|The Chronology of Water|
Reading Lidia Yuknavitch's memoir "The Chronology of Water" is like nothing else. I feel like I am moving with her across the wide expanse of a lifetime. I feel like I am feeling what she is feeling as written in this book. I feel wordless, yet embodied. I feel heavy with the pain I have yet worked through in my own life about childhood, self abuse, self destruction, self sabotage, and the beautiful madness of youth. I admit that I too was a swimmer and then a diver as a girl. Not as good a swimmer as Lidia, but I am taken back to that early love of the water. I love the smell of bleach when I clean the bathtub because it reminds me of chlorine from the pool. I return to those locker rooms and showers and muscled, yet secret "girl bodies" more beautiful than any I've since known. These were not thin or frail or undernourished bodies. They were wide shouldered, big armed, strong thighed girl bodies.

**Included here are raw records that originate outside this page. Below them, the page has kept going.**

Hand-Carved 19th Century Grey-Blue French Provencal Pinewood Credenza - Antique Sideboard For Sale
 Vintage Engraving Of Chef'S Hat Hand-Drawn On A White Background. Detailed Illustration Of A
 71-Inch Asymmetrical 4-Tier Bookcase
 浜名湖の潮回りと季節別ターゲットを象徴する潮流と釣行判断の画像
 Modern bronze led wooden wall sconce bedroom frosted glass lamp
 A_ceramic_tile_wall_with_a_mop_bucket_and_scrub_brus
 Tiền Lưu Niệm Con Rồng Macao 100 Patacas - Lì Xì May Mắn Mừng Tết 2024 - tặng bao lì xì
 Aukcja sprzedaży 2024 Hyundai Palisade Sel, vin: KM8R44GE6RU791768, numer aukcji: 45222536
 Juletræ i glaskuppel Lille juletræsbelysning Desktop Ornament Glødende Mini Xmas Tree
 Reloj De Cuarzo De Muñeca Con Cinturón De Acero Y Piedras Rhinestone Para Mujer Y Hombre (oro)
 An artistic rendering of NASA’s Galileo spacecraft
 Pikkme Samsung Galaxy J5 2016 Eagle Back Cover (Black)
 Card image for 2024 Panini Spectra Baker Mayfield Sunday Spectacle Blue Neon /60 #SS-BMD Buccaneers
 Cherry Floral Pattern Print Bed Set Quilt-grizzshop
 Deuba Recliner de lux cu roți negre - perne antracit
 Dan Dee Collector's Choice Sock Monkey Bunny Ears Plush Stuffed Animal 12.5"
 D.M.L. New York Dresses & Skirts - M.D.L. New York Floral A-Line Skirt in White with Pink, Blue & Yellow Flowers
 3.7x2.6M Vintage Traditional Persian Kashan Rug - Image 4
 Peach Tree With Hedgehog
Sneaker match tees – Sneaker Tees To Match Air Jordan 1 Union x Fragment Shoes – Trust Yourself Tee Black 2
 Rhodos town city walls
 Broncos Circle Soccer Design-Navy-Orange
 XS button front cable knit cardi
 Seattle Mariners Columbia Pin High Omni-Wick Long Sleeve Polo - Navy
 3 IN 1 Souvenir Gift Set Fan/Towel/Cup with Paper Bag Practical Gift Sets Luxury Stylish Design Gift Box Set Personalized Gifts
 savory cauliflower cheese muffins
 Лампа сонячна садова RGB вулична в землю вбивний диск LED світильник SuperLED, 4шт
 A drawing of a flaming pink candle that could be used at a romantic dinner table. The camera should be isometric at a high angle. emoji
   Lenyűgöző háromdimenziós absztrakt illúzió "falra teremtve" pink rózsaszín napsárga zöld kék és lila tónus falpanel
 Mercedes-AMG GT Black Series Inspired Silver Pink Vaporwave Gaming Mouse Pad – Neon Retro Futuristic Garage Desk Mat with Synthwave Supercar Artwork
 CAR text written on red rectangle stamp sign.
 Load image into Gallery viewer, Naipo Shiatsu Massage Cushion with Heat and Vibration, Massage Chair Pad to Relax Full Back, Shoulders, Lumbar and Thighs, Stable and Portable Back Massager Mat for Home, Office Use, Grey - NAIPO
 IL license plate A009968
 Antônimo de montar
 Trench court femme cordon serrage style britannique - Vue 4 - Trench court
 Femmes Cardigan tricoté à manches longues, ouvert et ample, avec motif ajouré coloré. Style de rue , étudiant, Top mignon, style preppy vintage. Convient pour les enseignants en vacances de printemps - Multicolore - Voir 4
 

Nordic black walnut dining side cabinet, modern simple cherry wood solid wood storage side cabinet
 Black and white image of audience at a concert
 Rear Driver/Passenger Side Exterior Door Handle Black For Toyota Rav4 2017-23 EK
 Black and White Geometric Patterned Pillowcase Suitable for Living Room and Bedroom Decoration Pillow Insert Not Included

Lidia has her own language, a voice developed from both a rich understanding of feminist theory and its knowledge of the father-language, and full with the truth of woman speak. She is not a writer's writer, she does not flower on the page or relish abstraction, she cuts you and then salts you and then eats you for dinner. I feel like she understands womanhood better than anyone I've ever read. She understands girl shame and father hurt and culture war and sexuality better than anyone I've read. I identify with Lidia (and I must call her Lidia) and yet I'm a little afraid of her. The Chronology of Water is an important book.
"You see it is important to understand how damaged people don't always know how to say yes, or to choose the big thing, even when it is right in front of them. It's a shame we carry. The shame of wanting something good. The shame of feeling something good. The shame of not believing we deserve to stand in the same room in the same way as all those we admire. Big red. As on our chests."